TV series have been having a mid-season break since at least the 1980s. Can’t find a cite (will keep looking), but I know that I read how it changed - networks used to run original episodes of series every week from September on until late Spring (usually May.) Then execs did some research and realized that no matter how popular a series, there was always a drop-off in the ratings in mid-December on until the end of January. (Everybody is going out to parties, or doing holiday stuff and not bothering to watch TV.) So there was no real reason to spend money producing new episodes when they could just rerun an old one and get the same ratings.
The mid-season cliff-hanger is a fairly new development. But that seems like a logical outcropping of increasingly serialized dramas. When your show is built around keeping people invested in “what’s going to happen NEXT??”, you certainly don’t want to give the audience any reason to think “Ehhh, maybe I’ll just quit with this show.” So from a production POV, it only makes sense to end things in the fall with a major WTF moment, so the audience will DEFINITELY want to see the fall-out.
It’s an attempt to rebrand something they’ve kind of done for a long, long time.
Traditionally, network seasons begin in fall. Network shows produce, at most, 24 episodes in a year (and usually fewer). There are 52 weeks in a year. That means 28+ weeks where there won’t be a new show. They want to have new episodes in November, February, and May for sweeps (because even though sweeps is mostly dead, they’re not entirely dead and sweeps does does still have some relevance toward advertising revenues).
What networks used to do is to air new episodes between September to late November/early December then go into reruns until late January-mid March and then go into reruns again and then air the final episodes of the season in April & May. There would be a final new episode of the year at around this time. It didn’t have a special name, but if you watched every week, you’d stop seeing new episodes post-Thanksgiving, pre-Christmas. 10+ years ago, people would watch reruns of their favorite show during its time slot. Today, between the heavy serialization of many shows, DVRs & time shifting, and streaming of new shows online, among other reasons, for the most part people don’t. If it’s a rerun, they change the channel, watch netflix, etc. So, instead of showing reruns, to make money in that time slot, the network needs to turn off the show and put something else on the air. They could do it without fanfare - or they could advertise the hell out of the last-new-show of the year and try to get every pair of eyes they possibly can (and consequently, every boost in advertising rates they possibly can) out of the “Mid-Season Finale” before moving the show from the schedule until mid-to-late January.

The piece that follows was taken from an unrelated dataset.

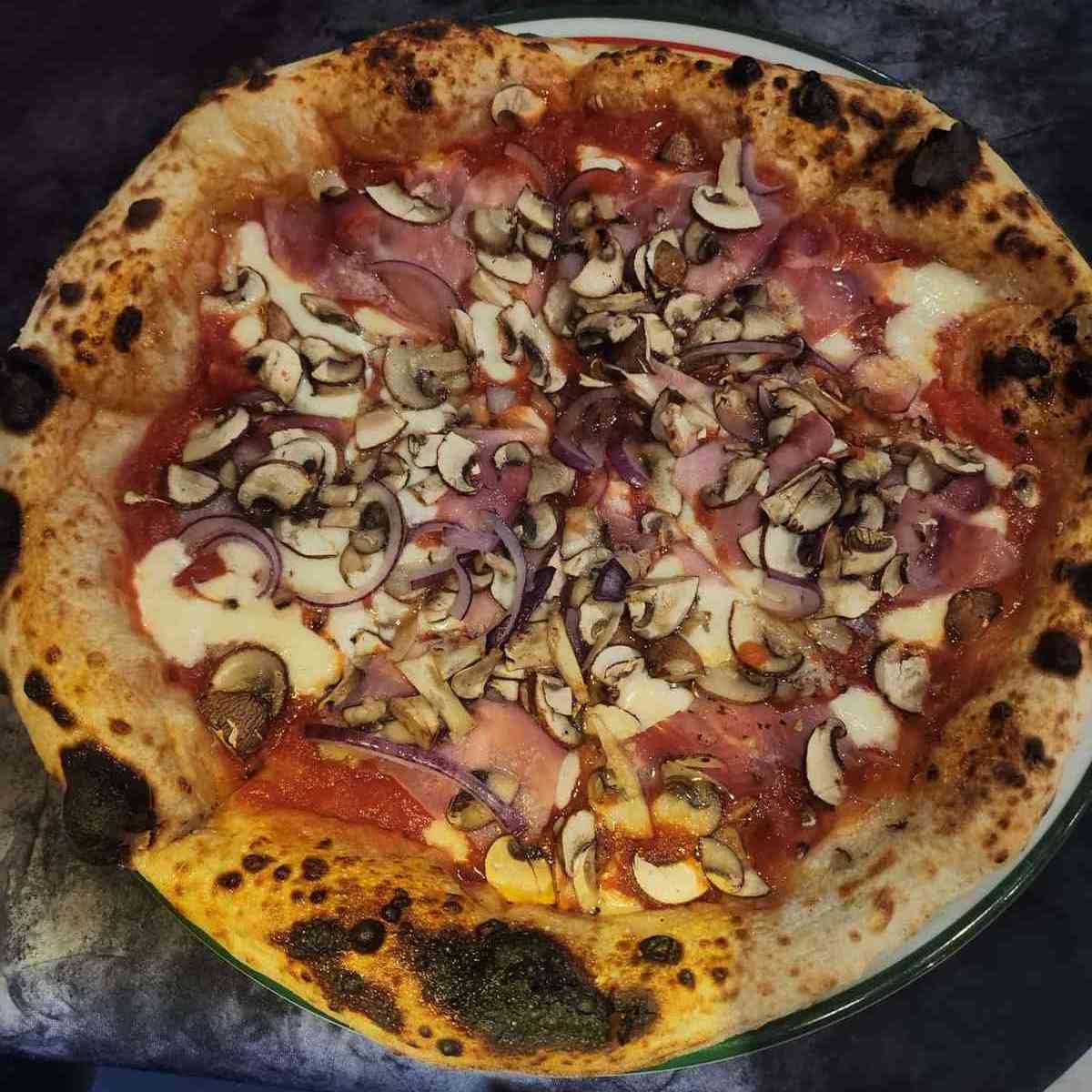 Pizza photo 7 of 9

In the early days of television, successful shows might be ordered in blocks of 13, sometimes three in a year for a grand total of 39 weeks (with 13 weeks of summer reruns).
Judging from lists of episodes from popular series, it appears this changed as a result of rising production costs (and probably other factors as well) sometime in the mid-60s. For example:
Perry Mason fell from 39 episodes per season in 1957–58 to 30 by the end of its run in 1966.

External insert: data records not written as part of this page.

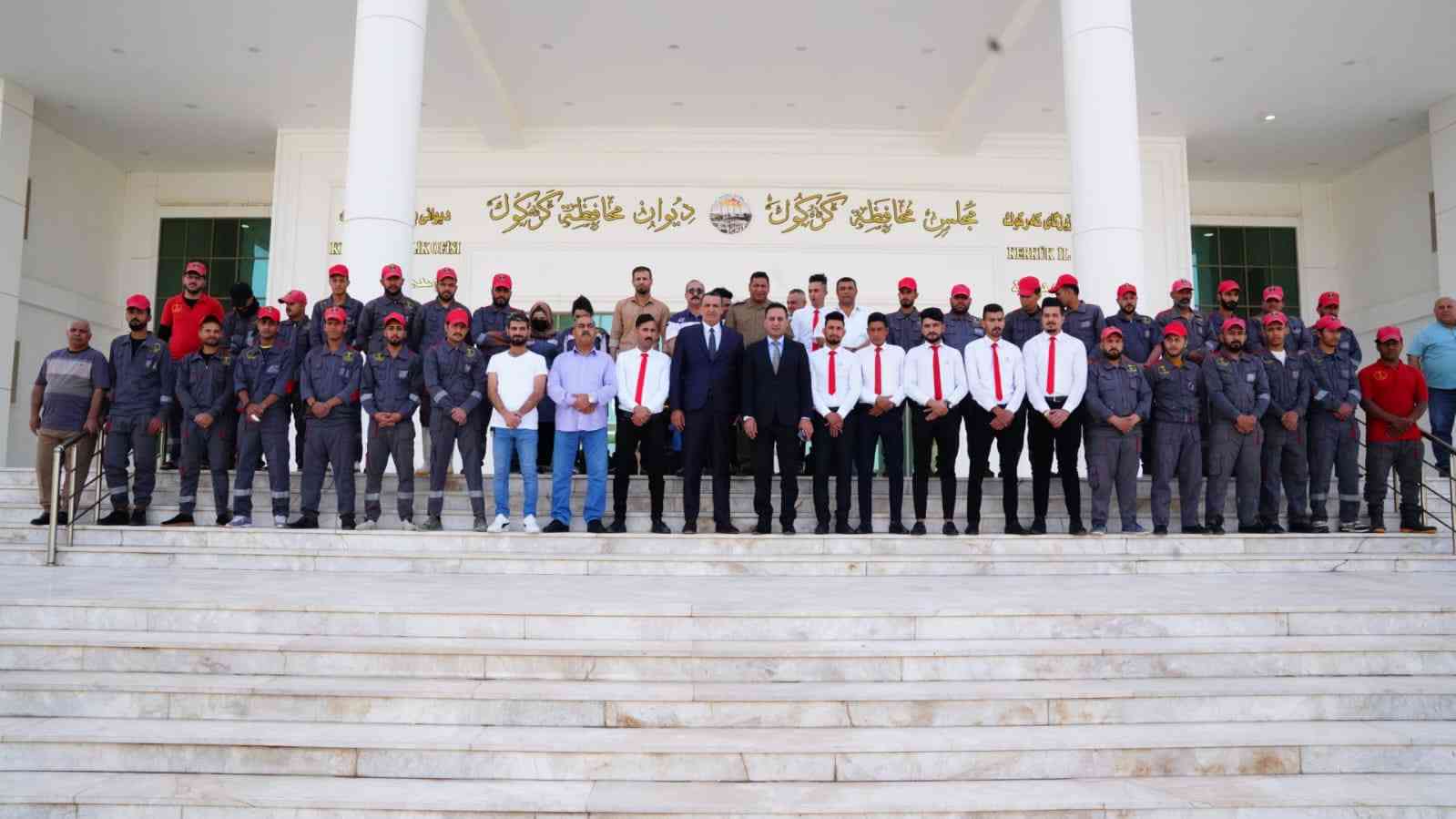 الجبوري .. يهنىء العمال بعيدهم   ويقف معهم لتحيتهم والاشادة بدورهم .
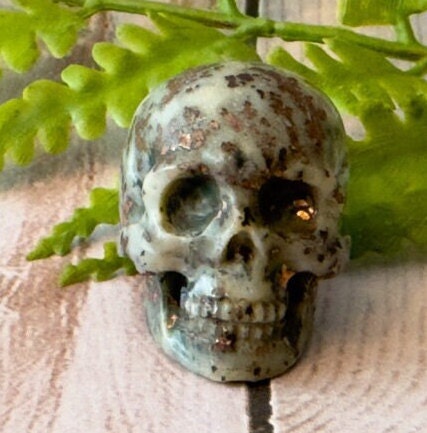 Copper in Agate Skull Carved by Artifactual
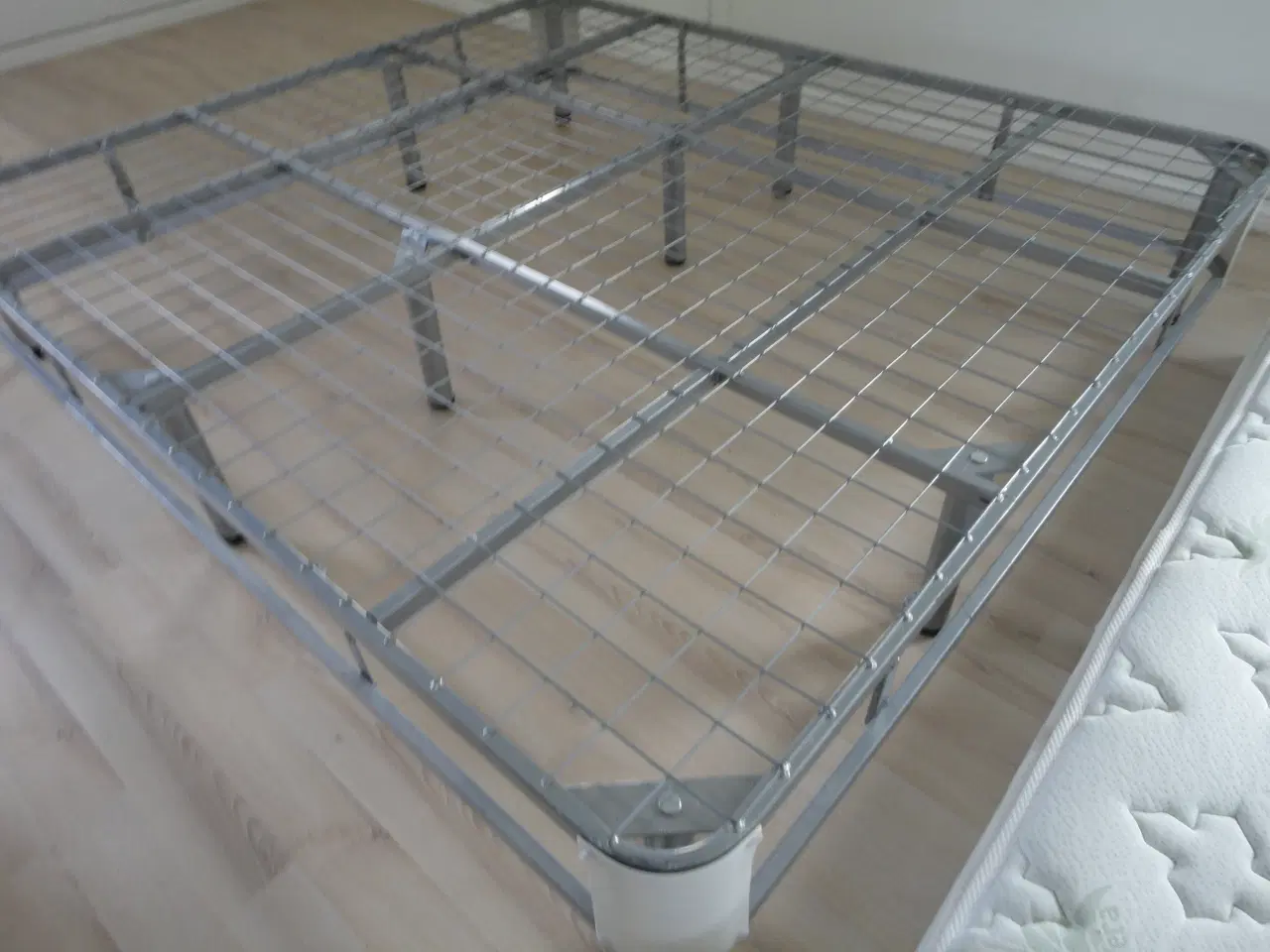 Billede 2 - 1 stk. dobbelt seng står rigtig flot i stellet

Twilight Zone hovered around 36 between 1959 and 1964, except for its truncated 1963 season, when episodes (18 of them) were an hour long.

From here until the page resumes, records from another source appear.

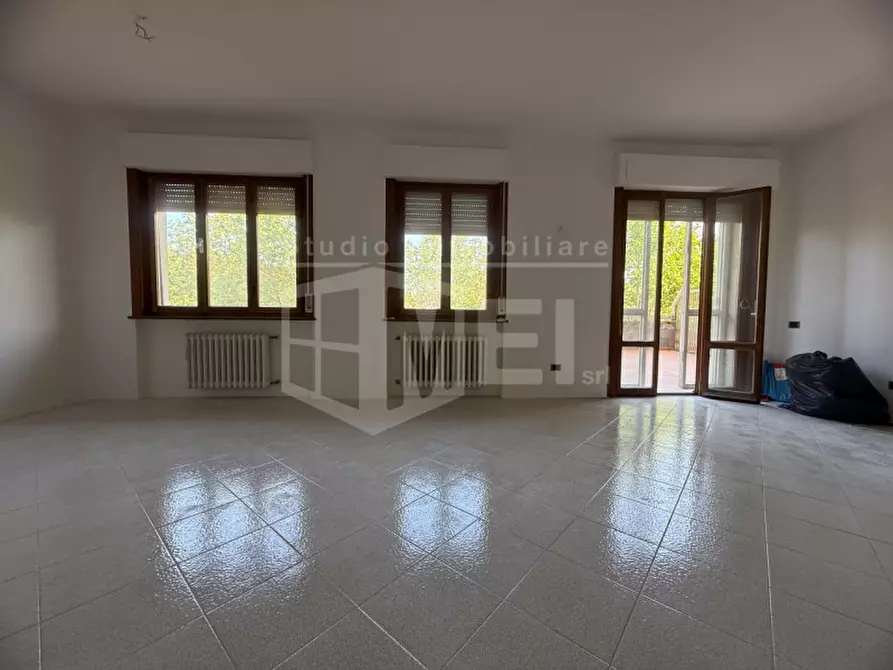 Immagine 8 di Appartamento in vendita  in Via Alessandro Volta a Cecina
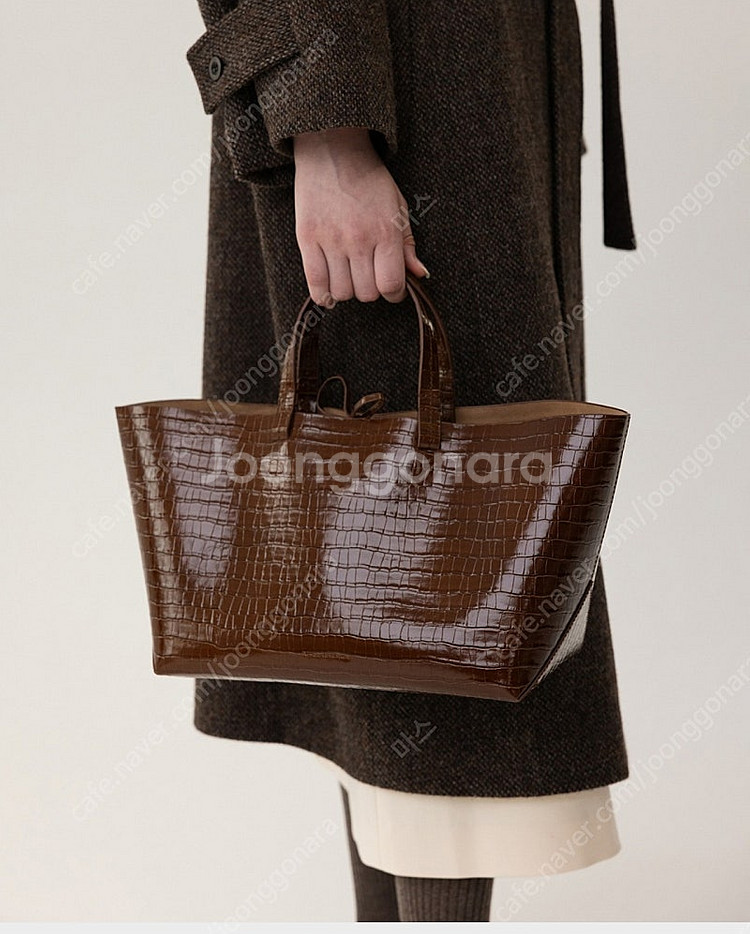 킨더살몬 밀라백 mila croco bag--1
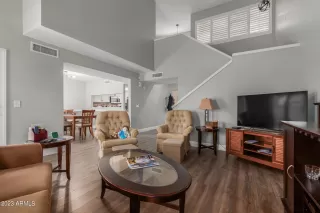 Photo #5: 6581379 Listing 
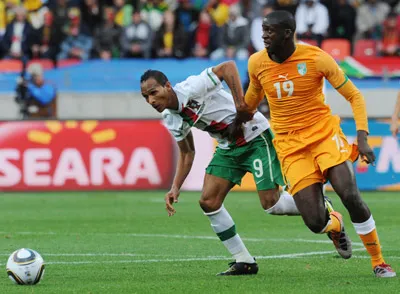 Tiền đạo Liedson (áo trắng, Bồ Đào Nha) cố gắng vượt qua Yaya Toure của Bờ Biển Ngà. Tiền đạo Liedson (áo trắng, Bồ Đào Nha) cố gắng vượt qua Yaya Toure của Bờ Biển Ngà.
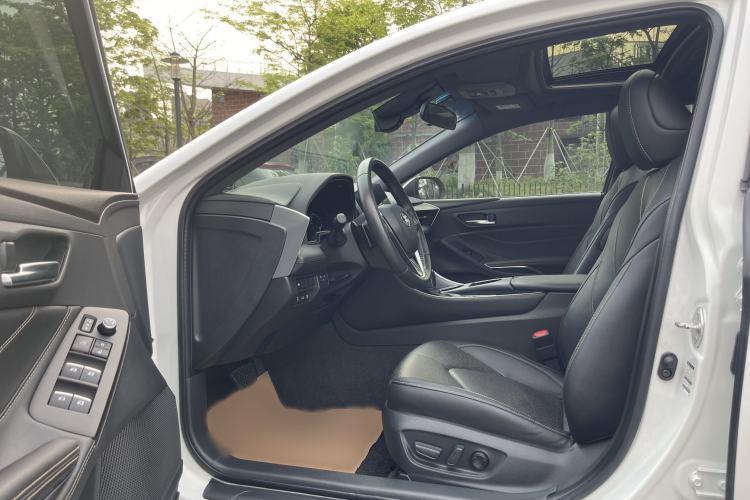 Used Toyota Avalon 2022 2.5L Luxury Edition Interior 3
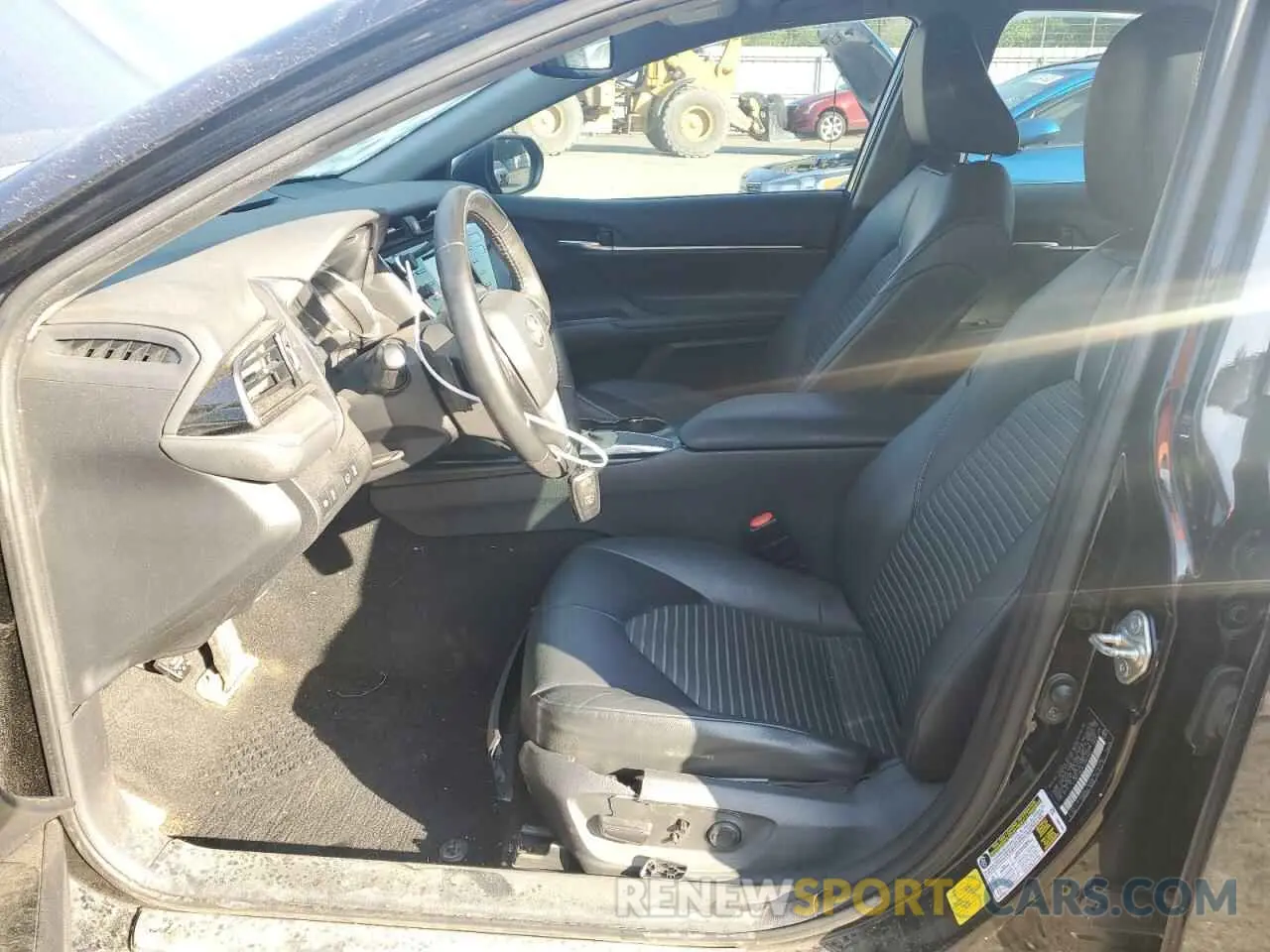 7 Photograph of a damaged car 4T1M11AK9LU387662 TOYOTA CAMRY 2020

The Beverly Hillbillies fell from 36 episodes in 1962–63 to 24 by 1971.
Gilligan’s Island went from 36 in 1964–65 to 30 by 1967.
***Hogan’s Heroes *** went from 32 episodes in 1965–66 to 24 by 1971.
Green Acres went from 32 episodes in 1965–66 to 26 by 1971.
ST:TOS fell from 29 episodes in 1966–67 to 24 by 1969.
Mission: Impossible started out with 28 episodes in 1966–67 and fell to 22 by 1973.
Hawaii Five-O started out with 24 episodes in 1968–69 and finished its run with 19 in 1980.